The pictographs of Milla

The rock art panels of Milla are not far from Alero de Taira, and there is little doubt that they were derived from the figures found at the latter site. The Milla panels contain large-scale red pictographs painted onto rock walls that are highly visible from the valley floor. The combined use of lines and flat painting are typical of the Milla pictographs. The figures themselves consist of schematic humans and large, lifelike camelids with empty body cavities and, occasionally, exaggerated cloven hooves.

On one of the panels, two camelids with blank faces, one with an empty womb, are depicted walking, followed by a person wearing a feather plume and preceded by another dressed in a tunic decorated with a zigzag motif and headdress similar to the traditional conical hats of the Tamarugal Pampa.

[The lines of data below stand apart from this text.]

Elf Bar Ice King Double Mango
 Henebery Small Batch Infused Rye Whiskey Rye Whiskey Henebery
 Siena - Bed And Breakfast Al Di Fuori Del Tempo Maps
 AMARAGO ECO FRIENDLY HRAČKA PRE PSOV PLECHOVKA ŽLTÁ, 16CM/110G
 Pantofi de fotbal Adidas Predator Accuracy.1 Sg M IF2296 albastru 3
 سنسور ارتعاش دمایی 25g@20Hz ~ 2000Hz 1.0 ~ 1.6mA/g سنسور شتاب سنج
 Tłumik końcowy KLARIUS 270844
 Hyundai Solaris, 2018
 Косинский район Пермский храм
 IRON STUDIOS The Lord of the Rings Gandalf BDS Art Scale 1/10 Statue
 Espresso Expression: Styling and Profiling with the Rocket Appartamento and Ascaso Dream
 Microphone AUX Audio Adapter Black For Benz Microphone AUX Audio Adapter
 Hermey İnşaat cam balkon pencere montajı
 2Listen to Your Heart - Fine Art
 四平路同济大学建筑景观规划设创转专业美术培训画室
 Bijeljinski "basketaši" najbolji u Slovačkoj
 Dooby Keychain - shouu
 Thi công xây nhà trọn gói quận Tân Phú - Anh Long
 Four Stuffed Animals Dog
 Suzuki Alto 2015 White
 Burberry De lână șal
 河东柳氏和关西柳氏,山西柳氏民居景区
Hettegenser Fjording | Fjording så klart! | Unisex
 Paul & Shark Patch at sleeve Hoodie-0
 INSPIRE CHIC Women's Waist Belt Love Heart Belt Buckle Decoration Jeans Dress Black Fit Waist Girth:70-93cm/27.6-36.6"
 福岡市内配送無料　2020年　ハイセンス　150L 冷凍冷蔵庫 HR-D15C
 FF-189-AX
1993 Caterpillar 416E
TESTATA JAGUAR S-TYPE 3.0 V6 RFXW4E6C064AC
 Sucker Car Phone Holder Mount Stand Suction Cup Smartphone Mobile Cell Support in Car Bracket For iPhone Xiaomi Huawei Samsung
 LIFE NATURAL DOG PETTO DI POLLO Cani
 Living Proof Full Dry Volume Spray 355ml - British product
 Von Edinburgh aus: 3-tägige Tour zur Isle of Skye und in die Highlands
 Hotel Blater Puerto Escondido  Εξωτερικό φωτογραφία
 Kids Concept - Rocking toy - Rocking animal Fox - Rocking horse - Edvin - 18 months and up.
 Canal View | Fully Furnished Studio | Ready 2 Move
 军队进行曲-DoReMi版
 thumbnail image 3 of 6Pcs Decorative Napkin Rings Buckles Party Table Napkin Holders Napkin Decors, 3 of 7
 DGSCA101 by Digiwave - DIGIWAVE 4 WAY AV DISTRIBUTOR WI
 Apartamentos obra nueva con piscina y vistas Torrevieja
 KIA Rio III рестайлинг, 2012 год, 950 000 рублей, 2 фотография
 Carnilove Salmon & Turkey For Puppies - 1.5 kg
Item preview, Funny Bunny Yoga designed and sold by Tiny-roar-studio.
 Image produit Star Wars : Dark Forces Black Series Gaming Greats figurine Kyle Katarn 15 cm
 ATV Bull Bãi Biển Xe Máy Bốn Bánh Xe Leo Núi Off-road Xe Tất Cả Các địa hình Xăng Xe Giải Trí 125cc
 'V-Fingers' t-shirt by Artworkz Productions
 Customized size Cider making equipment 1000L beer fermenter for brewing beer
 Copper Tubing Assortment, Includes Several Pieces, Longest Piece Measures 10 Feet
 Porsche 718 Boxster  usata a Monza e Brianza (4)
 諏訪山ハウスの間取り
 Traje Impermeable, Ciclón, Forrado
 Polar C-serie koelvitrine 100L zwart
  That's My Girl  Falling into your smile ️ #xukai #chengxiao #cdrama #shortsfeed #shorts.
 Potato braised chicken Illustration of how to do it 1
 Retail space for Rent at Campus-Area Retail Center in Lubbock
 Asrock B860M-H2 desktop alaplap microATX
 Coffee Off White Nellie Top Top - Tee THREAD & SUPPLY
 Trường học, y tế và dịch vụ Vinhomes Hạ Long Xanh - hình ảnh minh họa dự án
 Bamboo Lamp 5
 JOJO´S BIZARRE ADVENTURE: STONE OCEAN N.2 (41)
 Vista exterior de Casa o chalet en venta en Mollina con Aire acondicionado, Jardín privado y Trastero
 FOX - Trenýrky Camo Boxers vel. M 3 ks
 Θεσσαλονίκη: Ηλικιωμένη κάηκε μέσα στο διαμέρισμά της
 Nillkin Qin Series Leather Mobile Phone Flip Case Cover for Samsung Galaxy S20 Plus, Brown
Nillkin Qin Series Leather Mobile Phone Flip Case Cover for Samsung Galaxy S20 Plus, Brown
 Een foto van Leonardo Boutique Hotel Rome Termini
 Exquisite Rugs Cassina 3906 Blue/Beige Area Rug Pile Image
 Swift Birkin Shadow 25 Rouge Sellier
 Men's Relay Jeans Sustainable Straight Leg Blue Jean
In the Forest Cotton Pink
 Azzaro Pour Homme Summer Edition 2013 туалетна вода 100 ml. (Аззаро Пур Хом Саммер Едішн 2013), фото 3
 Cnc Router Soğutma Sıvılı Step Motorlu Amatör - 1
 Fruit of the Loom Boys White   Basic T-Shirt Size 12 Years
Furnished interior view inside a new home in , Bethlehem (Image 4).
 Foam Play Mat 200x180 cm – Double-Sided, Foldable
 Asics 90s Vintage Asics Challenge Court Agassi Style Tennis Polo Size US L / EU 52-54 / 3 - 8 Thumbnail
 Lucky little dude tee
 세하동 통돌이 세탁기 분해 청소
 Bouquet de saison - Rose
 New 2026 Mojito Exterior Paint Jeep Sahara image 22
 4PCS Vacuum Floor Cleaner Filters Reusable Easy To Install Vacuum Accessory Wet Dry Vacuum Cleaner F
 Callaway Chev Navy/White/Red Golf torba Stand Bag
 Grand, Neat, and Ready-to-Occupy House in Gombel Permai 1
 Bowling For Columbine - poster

Another panel contains a scene that is explicitly linked to llama reproduction, revealing the creator’sconcern with herd fertility, similar to that reflected at Kalina and Taira. On the left of this scene, a male camelid copulates with a female, only distinguishable by the back of her neck and forward-facing ears. On the right, a herdsman pulls another llama by a rope tied around its neck, perhaps a second female that he is planning to breed with the stud. One remarkable feature is that the bodies of the camelids are covered with thin wavy lines, which may represent the wool that the herders hope to obtain from the offspring that results from the mating.

Location: Upper Loa River, Region II of Antofagasta.

Timeframe: Approximately 1000–1400 A.D.

Site: Milla

Source: J. Berenguer, 1999, “El evanescente lenguaje del arte rupestre en los Andes atacameños”, inArte rupestre en los Andes de Capricornio, J. Berenguer and F. Gallardo, eds., p. 37, Museo Chileno de Arte Precolombino, Santiago.